◆ Records shown ◆
-- Opening Marker --

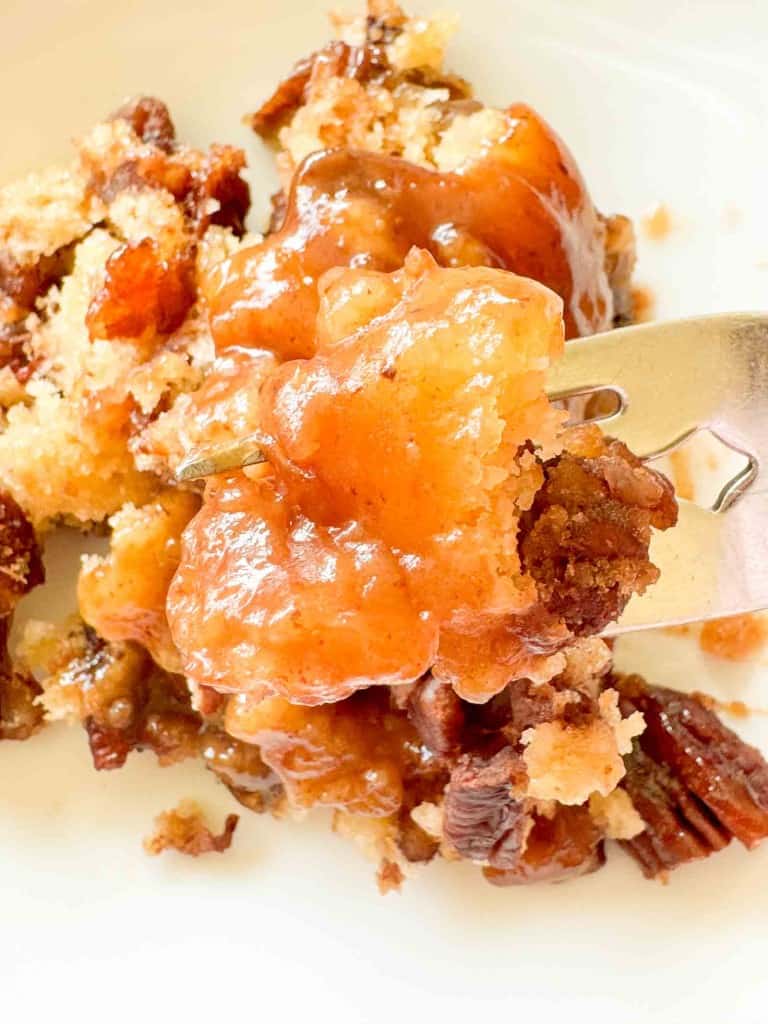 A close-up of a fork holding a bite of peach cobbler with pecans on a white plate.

-- Closing Marker --
-- Opening Marker --

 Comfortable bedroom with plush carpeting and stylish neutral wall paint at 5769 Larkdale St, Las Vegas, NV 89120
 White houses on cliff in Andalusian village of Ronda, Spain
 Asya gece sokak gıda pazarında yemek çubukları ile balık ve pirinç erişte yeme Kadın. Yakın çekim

-- Closing Marker --

◆ Problem statement ◆
Using the data above, extract exactly the lines from the one that holds "White houses on" to the one that holds "Asya gece sokak", both ends included, and no others.

◆ Exercise answer ◆
 White houses on cliff in Andalusian village of Ronda, Spain
 Asya gece sokak gıda pazarında yemek çubukları ile balık ve pirinç erişte yeme Kadın. Yakın çekim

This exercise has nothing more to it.